GTA 4 : Attention danger. Il n’y a que Freud pour ne pas s’inquiéter ?
Je n’apprendrais pas ça à grand monde, je pense. GTA 4 est sortie. Oui, le 4 ème opus de cette saga scandaleuse, où tout est permis. Sonnette d’alarme : “les joueurs vont devenir des psychopathes, ah la la il manquait plus que ça !”. Mais pourquoi donc jouer aux psychopathes ?
Je pense qu’il est temps de revenir dans le passé en 1905 ou 1906 où un certain Sigmund Freud avait écrit “Personnages psychopathiques à la scène” (in résultats, idées, problèmes I, PUF). Texte de quelques pages où Freud part du constat que les personnages des grandes tragédies grecques seraient considérés comme très atteints et dangereux. En effet, les personnages de jeux vidéos sont des petits joueurs (sans mauvais jeu de mot… Et pourtant si) à coté d’un Oreste ou encore d’un Œdipe.
petit extrait:
“Le fait pour l’adulte de participer par le regard au jeu du théâtre a la même fonction que le jeu pour l’enfant, dont l’espoir tâtonnant de pouvoir s’égaler à l’adulte se trouve ainsi satisfait. Le spectateur vit trop peu de choses, il se sent comme un “un misérable à qui rien de grand ne peut arriver”, il a dû depuis longtemps étouffer, mieux déplacer son ambition d’être en tant que moi au centre des rouages de l’univers, il veut sentir, agir, tout modeler selon son désir, bref être un héros, et les acteurs-poêtes du théatre le lui rendent possible en lui permettant l’identification avec un héros.
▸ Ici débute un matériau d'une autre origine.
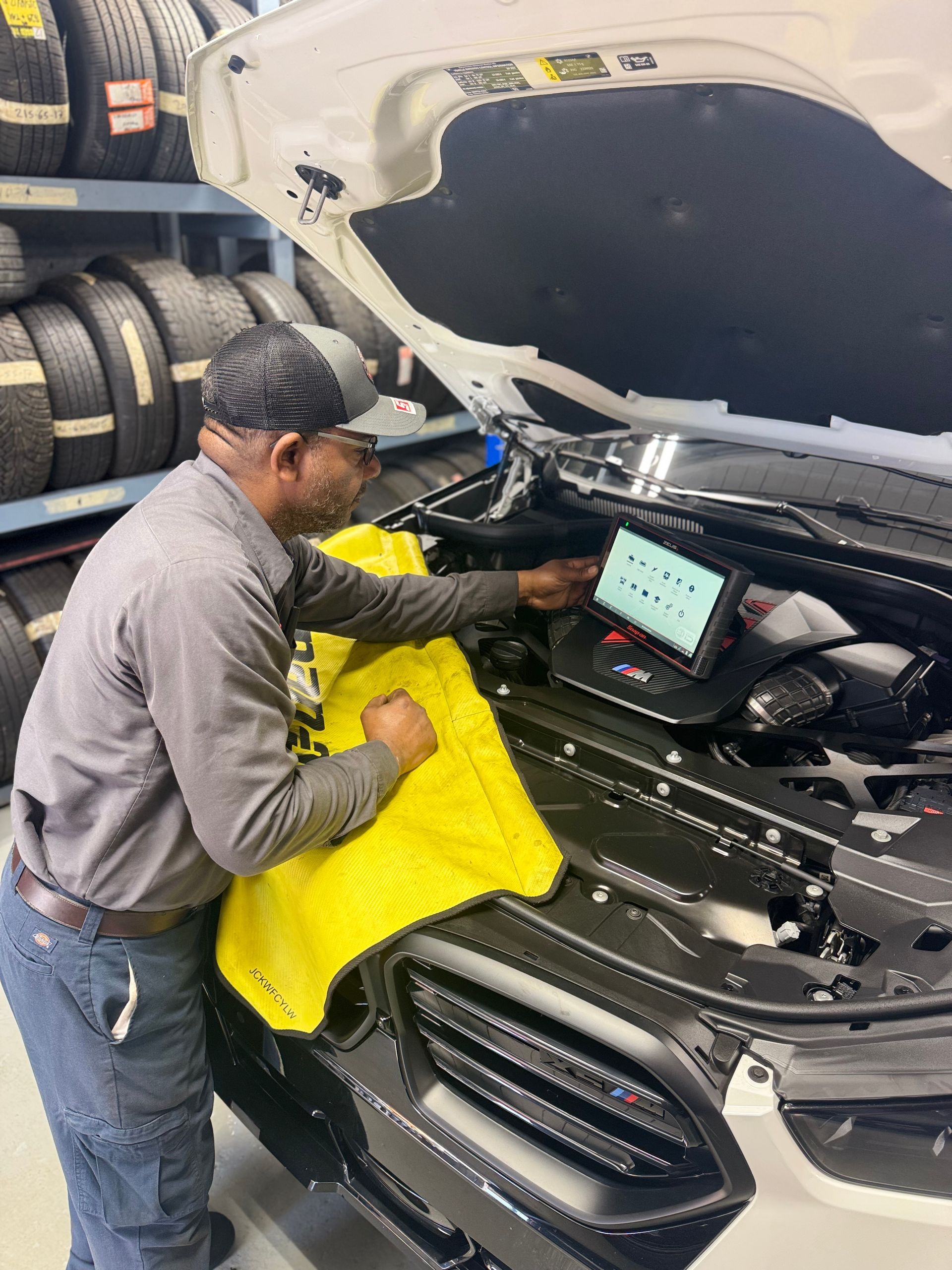 Mechanic using a diagnostic tool on a car in a shop. He is wearing a grey shirt, hat and jeans.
En la circonstance ils lui épargnent aussi quelques chose, car le spectateur sait bien qu’une telle activation de sa personne dans l’héroîsme n’est pas possible sans douleurs, souffrances ni pénibles appréhensions qui suppriment presque la jouissance; il sait aussi qu’il n’a qu’une vie et que peut-être il succombera dans un tel combat contre les résistances. Aussi sa jouissance présuppose-t-elle l’illusion, c’est à dire l’adoucissement de la souffrance par l’assurance que premièrement c’est un autre qui agit et souffre [...], et que deuxièmement ce n’est finalement qu’un jeu [...], céder impunément à des motions réprimés.”
S. Freud, “Personnages psychopathiques à la scène” (1906), trad. J. Altounian, A. Bourguignon, P. Cotet, A. Rauzy, in Résultats, idées, problèmes, I, Paris, Presses Universitaires de France, 1984.
On pourrait rétorquer, comme le fait naïvement certains, que dans les jeux vidéos on agit. Oui c’est certains, l’acteur aussi agit, d’ailleurs il est celui qui fait acte, qui joue le personnage, s’y identifie, se met à sa place, le travaille etc. Antony Hopkins a-til mangé des hommes parce qu’il a incarné Hannibal Lecter ?
Si le joueur prend du plaisir à tout casser dans le jeu, c’est bien parce qu’il se l’interdirait dans la réalité : le névrosé est comme ça, il jouie dans le déplacement. Laissons donc ces petits moments où l’on peut berner notre moralité.